Q: Argh. Look, can’t we just go back to not quoting the work and not bother with all this?

A: No. Sorry.

However, I think we’ve drifted a bit far from our departure point.

All this serves to illustrate how citing Early Modern books – be it as physical copies, printed editions or facsimiles, or digital surrogates – is no simple matter. (And we haven’t discussed whether good practice should also include giving the ESTC number in order to identify the work…)  So no wonder no standard practice has emerged on how to cite a work seen on EEBO.

Yet in sum, if you consult books on EEBO, I strongly urge you to give credit to EEBO in your bibliography. 

 

ETA 27.2.2014 8am:

Another argument for why to make sure to cite EEBO is the rather huge matter of what, exactly, is EEBO, and how what it is affects scholarship. In the words of others:

Daniel Powell notes that:

[I]t seems important to realize that EEBO is quite prone to error, loss, and confusion–especially since it’s based on microfilm photographed in the 1930s-40s based on lists compiled in some cases the 1880s.

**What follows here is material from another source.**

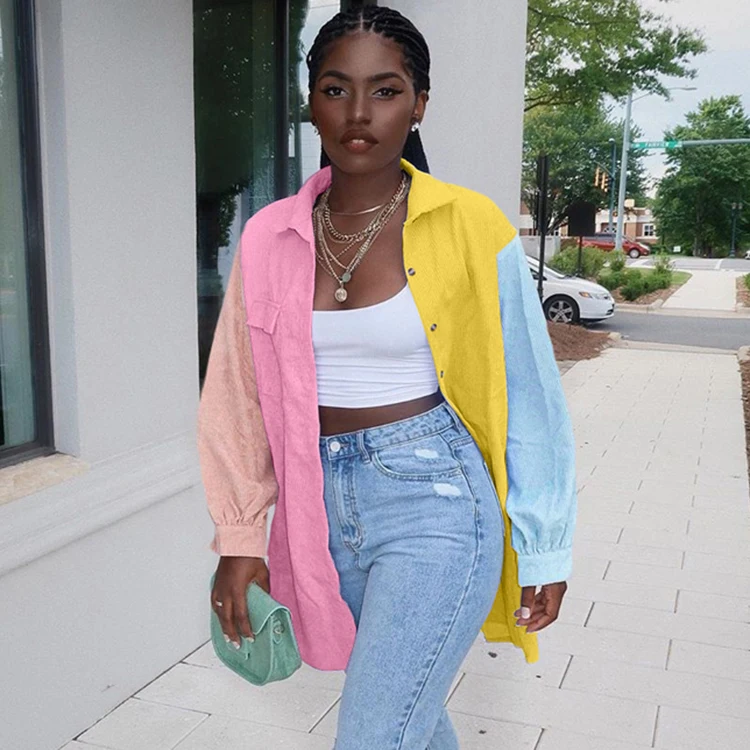 Color Block Button Up Shirts And Blouses Ladies Long Sleeve Woman Blouse 2020 For Women -ZL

And Jacqueline Wernimont adds:

EEBO isn’t a catalogue of early modern books – it’s a catalogue of copies. More precisely, it is a repository of digital images of microfilms of single copies of books, and, if your institution subscribes to the Text Creation Partnership (TCP) phases one and/or two, text files that are outsourced transcriptions of microfilm images of single texts.

These points are particularly relevant if you treat EEBO as a library of early modern English works, but they apply equally when you access one or two books to check a reference. As Sarah Werner (among others) has shown us, digital facsimiles of (old) microfilms of early books can miss a lot of details that are clearly visible when viewing the physical books (like coloured ink). While in many cases the scans in EEBO are perfectly serviceable surrogates of the original printed book – black text on white paper tends to capture well in facsimile – the exceptions drive across the point that accessing a book as microfilm images is not the same as looking at a physical copy of the book.

This is not to say that all surrogates, and especially microfilms, are bad as such. In many cases it is the copy that survives whereas the original has been lost. And I have come across cases where the microfilm retains information that has been lost when the manuscripts have been cleaned by conservators and archivists some time after being microfilmed. (Pro tip for meticulous scholars: have a look at all the surrogates, even if you don’t need to!) Also, modern digital imaging is enabling us to read palimpsests and other messy texts with greater ease than before (or indeed at all).

In essence, then, you should make sure to cite EEBO when you use it – not only because of things you may miss due to problems with the images in EEBO, but also because digital resources enable us to do things which are simply impossible or would take forever when using physical copies.

 


Ok this was a long rant. But I hope this might be of use to someone!